The only thing they feared...



The only thing they feared was the sky falling on their heads…


It is a while since I have written anything for Pembrokeshire.Online and the other day Kitty asked me if I might write a piece. I haven’t written much of anything over the past six months, at least not on paper. Most of the time, as I go about my day-to-day chores, I am churning over ideas for stories and more particularly the current novel I am writing, Lüdke’s Game, the second Max Becker thriller.

Kitty asked me to comment on my experience of living through the Covid pandemic and how it may have affected me. It seems that the two things are mutually exclusive and fit nicely together. On the one hand the pandemic does not seem to be much of an issue, not in any real sense: as far as I am aware no one I know has been seriously affected by it. On the other hand, it has thrown an invisible blanket over everyone, pinning us inexorably in its grip. To some the experience has been life-changing and devastating, but for most of us it has become a tiresome, confusing inconvenience that no one seems able to comprehend or effectively deal with.
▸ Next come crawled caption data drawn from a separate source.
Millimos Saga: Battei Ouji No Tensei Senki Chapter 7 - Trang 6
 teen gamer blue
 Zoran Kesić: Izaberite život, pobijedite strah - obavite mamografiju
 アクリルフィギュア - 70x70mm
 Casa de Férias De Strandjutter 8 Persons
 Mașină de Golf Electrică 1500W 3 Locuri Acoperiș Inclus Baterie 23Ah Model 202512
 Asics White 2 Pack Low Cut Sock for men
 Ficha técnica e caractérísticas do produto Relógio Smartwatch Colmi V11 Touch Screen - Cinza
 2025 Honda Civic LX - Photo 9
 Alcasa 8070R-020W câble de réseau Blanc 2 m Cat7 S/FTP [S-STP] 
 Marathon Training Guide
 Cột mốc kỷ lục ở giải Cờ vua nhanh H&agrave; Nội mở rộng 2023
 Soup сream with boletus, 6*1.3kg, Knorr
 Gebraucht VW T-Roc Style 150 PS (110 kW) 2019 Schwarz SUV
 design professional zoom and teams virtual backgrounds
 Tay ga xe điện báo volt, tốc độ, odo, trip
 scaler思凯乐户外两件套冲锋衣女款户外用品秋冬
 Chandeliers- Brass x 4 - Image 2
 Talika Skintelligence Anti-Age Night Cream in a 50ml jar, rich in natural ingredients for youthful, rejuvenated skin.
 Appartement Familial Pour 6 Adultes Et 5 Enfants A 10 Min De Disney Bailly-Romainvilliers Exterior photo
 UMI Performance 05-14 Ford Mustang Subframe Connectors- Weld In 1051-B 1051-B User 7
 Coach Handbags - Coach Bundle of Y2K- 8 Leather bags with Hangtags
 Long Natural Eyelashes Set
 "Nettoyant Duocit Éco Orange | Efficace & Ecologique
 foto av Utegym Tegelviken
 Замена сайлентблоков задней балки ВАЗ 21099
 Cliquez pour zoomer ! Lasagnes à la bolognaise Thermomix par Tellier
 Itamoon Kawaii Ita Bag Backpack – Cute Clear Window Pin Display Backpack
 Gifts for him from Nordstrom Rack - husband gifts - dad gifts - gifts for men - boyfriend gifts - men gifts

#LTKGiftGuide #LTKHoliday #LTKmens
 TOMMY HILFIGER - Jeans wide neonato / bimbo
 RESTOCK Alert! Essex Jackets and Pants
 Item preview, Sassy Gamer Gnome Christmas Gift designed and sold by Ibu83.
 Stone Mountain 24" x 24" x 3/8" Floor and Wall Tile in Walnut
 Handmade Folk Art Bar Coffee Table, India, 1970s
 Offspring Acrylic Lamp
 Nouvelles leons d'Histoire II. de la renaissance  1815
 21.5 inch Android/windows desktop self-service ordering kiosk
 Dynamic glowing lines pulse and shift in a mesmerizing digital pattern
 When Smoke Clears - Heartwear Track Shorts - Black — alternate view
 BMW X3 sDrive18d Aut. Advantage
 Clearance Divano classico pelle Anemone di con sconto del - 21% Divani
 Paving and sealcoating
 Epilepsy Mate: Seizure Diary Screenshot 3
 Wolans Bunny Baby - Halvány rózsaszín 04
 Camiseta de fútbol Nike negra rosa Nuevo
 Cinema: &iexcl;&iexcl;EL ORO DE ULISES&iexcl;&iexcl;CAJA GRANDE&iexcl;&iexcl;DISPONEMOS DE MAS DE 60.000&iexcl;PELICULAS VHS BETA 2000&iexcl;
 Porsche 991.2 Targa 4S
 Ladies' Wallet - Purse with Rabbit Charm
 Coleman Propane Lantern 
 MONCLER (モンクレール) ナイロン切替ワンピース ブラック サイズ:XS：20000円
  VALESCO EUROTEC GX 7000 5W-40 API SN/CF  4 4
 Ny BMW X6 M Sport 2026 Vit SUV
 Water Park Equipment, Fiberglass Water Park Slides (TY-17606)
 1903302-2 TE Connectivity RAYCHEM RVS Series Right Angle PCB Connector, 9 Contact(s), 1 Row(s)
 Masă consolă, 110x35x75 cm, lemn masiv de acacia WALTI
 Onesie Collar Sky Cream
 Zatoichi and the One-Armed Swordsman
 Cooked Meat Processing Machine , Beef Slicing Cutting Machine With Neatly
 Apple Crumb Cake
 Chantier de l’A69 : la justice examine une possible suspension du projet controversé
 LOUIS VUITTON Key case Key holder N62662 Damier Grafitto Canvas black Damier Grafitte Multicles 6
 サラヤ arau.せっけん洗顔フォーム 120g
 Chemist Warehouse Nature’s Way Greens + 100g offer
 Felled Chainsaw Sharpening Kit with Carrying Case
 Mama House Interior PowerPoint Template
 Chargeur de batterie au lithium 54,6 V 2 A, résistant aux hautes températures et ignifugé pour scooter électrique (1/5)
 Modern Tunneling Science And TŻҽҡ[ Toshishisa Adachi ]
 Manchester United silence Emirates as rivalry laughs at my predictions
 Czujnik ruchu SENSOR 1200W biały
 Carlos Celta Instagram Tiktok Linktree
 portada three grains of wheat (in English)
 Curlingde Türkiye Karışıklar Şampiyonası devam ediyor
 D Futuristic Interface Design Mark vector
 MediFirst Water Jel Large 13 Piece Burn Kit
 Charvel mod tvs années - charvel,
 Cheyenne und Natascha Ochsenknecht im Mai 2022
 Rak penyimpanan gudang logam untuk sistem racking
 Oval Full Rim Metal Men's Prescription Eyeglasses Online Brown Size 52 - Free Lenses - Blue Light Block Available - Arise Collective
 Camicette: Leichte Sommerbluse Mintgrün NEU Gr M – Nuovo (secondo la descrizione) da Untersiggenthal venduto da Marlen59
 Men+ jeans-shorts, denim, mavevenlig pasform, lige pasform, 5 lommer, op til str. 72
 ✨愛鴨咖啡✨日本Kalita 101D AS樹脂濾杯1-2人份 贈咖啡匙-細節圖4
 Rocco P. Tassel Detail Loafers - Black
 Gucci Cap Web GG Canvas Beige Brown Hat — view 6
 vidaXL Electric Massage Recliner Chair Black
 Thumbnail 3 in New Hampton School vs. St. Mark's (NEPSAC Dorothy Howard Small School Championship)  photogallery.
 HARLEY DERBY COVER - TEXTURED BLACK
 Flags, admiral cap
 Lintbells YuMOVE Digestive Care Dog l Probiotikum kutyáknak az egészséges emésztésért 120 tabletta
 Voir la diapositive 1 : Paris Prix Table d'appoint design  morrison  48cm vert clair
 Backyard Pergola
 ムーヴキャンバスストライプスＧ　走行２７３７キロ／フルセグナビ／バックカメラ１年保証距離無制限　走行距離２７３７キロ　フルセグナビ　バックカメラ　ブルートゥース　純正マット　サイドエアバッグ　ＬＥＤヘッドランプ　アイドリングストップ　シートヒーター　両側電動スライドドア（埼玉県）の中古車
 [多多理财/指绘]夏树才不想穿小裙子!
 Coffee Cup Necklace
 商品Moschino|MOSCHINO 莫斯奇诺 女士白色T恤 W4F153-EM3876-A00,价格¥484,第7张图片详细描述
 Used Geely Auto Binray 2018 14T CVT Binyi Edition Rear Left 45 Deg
Personally, it has affected my business, but I have been able to work (when I am not writing, I am a carpenter) and it has most certainly affected my writing, or my ability to sit down and spend any time concentrating on things. I have felt strangely unsettled and restless both of which have made it hard to write, at least in the physical sense. I can do so in small bouts, but even posting on social media and blogging have ground to a halt. My head is full of words and ideas, but I have not been able to connect my mind with my hands. Writing has always been easy for me, so I can only conclude that my lack of productivity must be a direct result of my emotional response to this monumental change.

A few days back, I caught a cold, brought home from school by my son. I did not have any Covid symptoms (a relief), it was just a regular, boring old cold that many of us experience at least once every year or two. The following Monday, having had a quiet weekend, I sat down and got back to my book. I wrote a new first chapter and then set about editing and rewriting the 20,000 or so words I had written earlier in the year. I was back; it felt good.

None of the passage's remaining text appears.